# Little or no smoke flavor.



## Caryk (Sep 8, 2020)

Hey everyone, hope yall had a good Labor Day weekend. So I am posting this because I recently purchased a homemade 1/2 inch offset smoker. I have done about six cooks on it so far, mostly brisket. Been using pecan wood i bought from a wood seller near Bastrop Texas, i asked for the more dry wood than wet. Problem is I am noticing very kettle smoke flavor. Even a few days after the fact, so it cannot be desensitization from being around smoke all day. The pit runs amazing, mostly vapors, if not clear blue smoke. Anyone have any ideas whats going on? The bark and smoke rings are amazing also, food is juicy and tender just no smoke flavor.
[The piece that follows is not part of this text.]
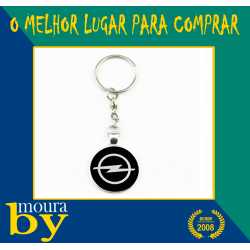 Porta chaves metálico Opel...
Only delicious meat flavor.


----------



## GaryHibbert (Sep 9, 2020)

I don't really know what to tell you Caryk.  By the look of things and what you say about the quality of the meat coming off the Q, it seems like the smoker is working real well.  About all I can suggest is that you try a stronger wood.  Pecan is, IMO, a medium strength wood.  Maybe try hickory--very similar to pecan, but much stronger.  Mesquite is another option, but it is a VERY powerful wood.  I've found that a mix of pecan and mesquite (about 2/3 pecan to 1/3 mesquite works real nicely with pork.
Hopefully, someone who knows more  about offsets will be along to help you out.
BTW, that's a good looking smoker.
Gary


----------



## daspyknows (Sep 9, 2020)

I would experiment with the wood.  Food looks really good.


----------



## noboundaries (Sep 9, 2020)

If the wood is too dry it carbonizes too quickly. Not a lot different than burning lump. Try adding a water pan next to the firebox in the cook chamber. The extra moisture in the chamber will help condense smoky micro-droplets (aka steam) on the meat. My super-taster wife won't eat meat smoked in a moist chamber because she says it's too smoky.


----------



## tag0401 (Sep 9, 2020)

I agree with Gary. I also consider pecan to be a mild smoke and I personally mix with hickory or mesquite to get a little bit stronger flavor that works well with pork.


----------



## Caryk (Sep 9, 2020)

GaryHibbert said:


> I don't really know what to tell you Caryk.  By the look of things and what you say about the quality of the meat coming off the Q, it seems like the smoker is working real well.  About all I can suggest is that you try a stronger wood.  Pecan is, IMO, a medium strength wood.  Maybe try hickory--very similar to pecan, but much stronger.  Mesquite is another option, but it is a VERY powerful wood.  I've found that a mix of pecan and mesquite (about 2/3 pecan to 1/3 mesquite works real nicely with pork.
> Hopefully, someone who knows more  about offsets will be along to help you out.
> BTW, that's a good looking smoker.
> Gary


Thank you for the reply Gary, I will have to give some different types of wood a try next cook for sure! I'm sure mesquite will be easy to find around here


----------



## Caryk (Sep 9, 2020)

daspyknows said:


> I would experiment with the wood.  Food looks really good.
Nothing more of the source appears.